» **Your goal**: The printed result should hold only the lines from the opening of the data through the line bearing "Neon Green Psychedelic", exactly as given and without pictures.

Short descriptive text snippets
******

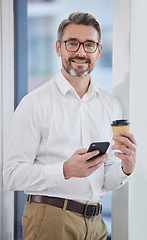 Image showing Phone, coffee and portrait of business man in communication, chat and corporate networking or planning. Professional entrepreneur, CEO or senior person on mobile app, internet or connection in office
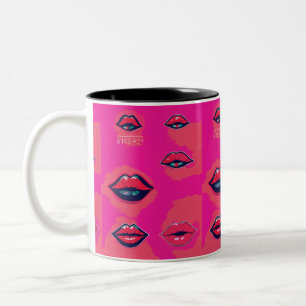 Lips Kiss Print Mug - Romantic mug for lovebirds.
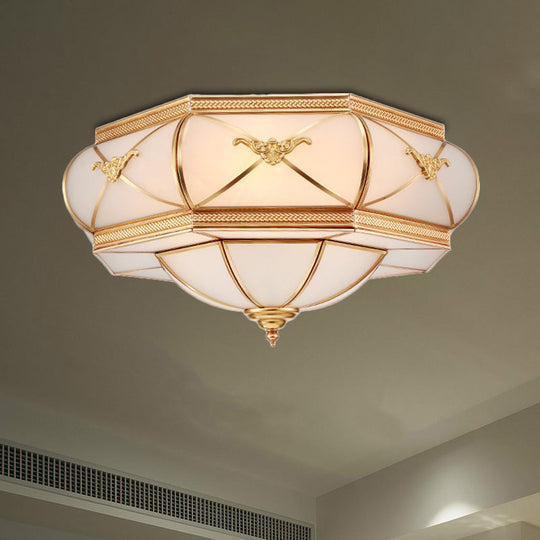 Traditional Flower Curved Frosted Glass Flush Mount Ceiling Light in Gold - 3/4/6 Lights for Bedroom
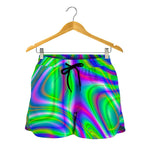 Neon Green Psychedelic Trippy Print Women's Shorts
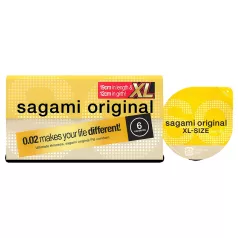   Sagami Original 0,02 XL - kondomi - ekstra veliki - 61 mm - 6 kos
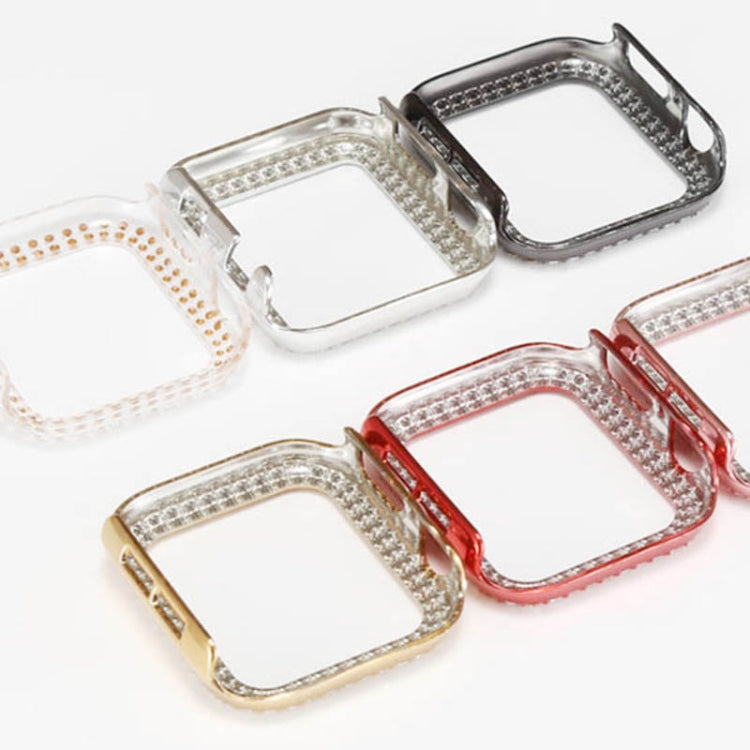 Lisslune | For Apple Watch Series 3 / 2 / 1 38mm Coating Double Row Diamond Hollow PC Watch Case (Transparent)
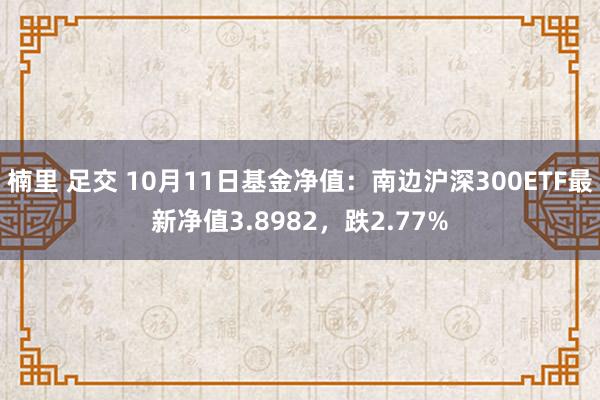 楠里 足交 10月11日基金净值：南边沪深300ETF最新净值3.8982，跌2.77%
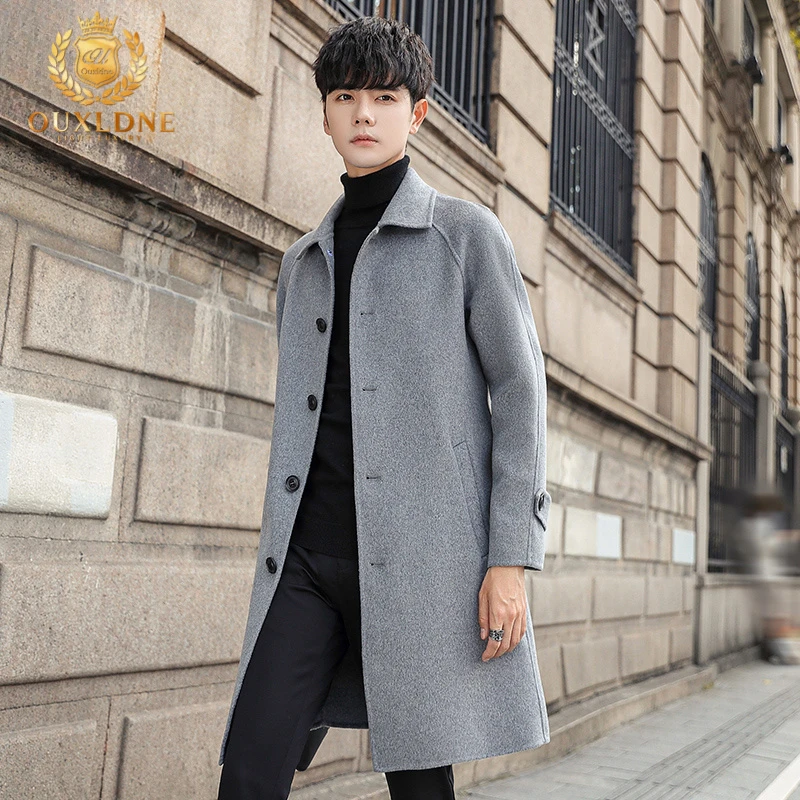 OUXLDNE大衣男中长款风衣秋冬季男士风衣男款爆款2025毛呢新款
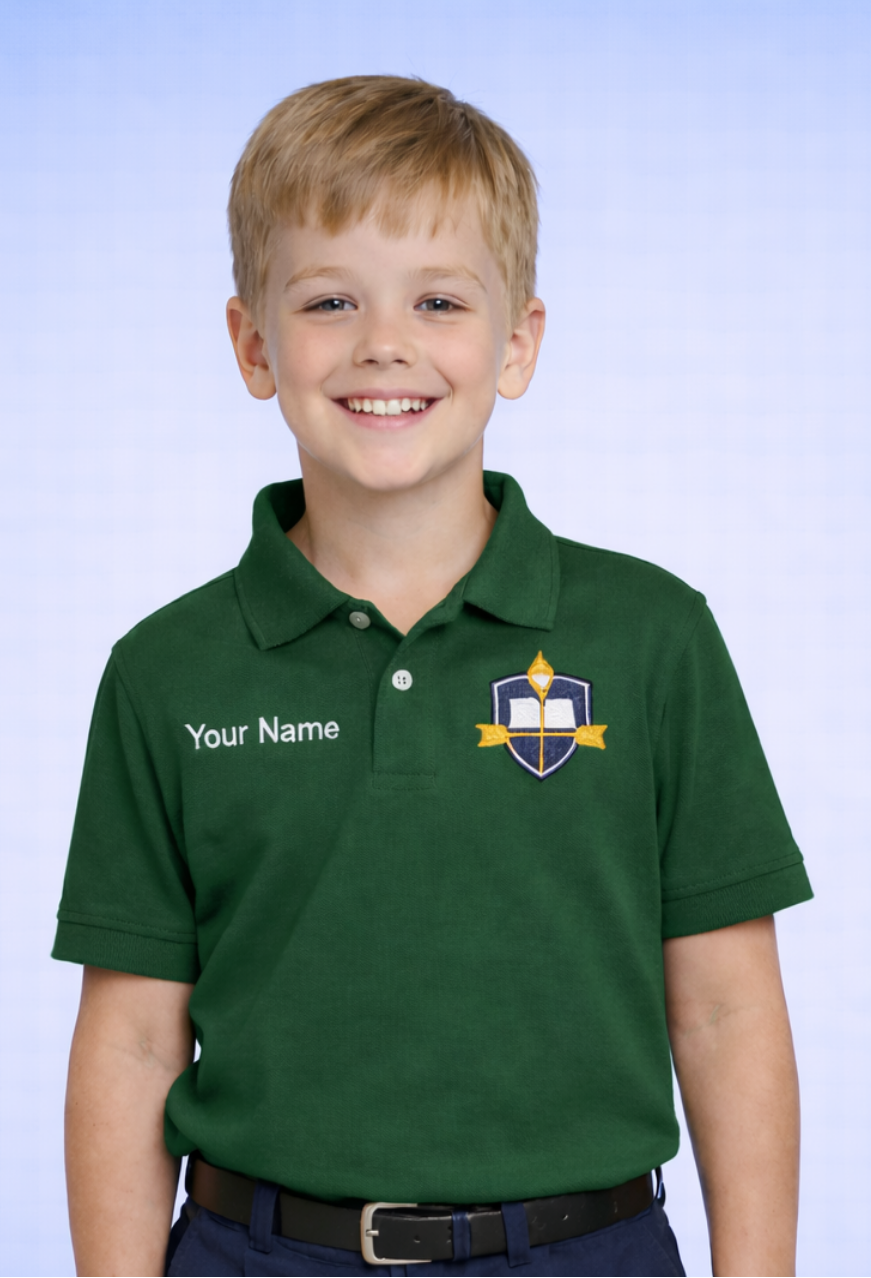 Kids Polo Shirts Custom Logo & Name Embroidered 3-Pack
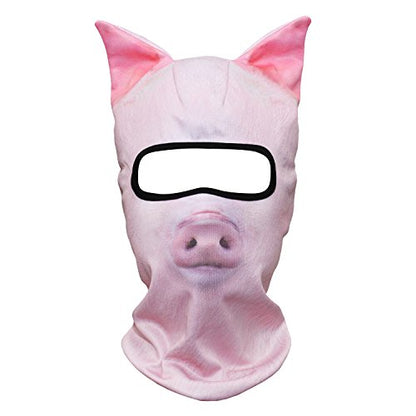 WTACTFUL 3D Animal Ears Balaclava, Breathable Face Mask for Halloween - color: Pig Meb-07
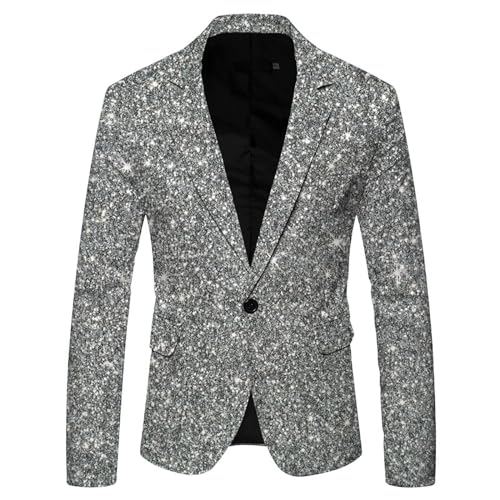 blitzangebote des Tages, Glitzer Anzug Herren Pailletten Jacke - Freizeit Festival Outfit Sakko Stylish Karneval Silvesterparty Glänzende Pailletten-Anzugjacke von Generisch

******

» **Response area**:
 Image showing Phone, coffee and portrait of business man in communication, chat and corporate networking or planning. Professional entrepreneur, CEO or senior person on mobile app, internet or connection in office
 Lips Kiss Print Mug - Romantic mug for lovebirds.
 Traditional Flower Curved Frosted Glass Flush Mount Ceiling Light in Gold - 3/4/6 Lights for Bedroom
 Neon Green Psychedelic Trippy Print Women's Shorts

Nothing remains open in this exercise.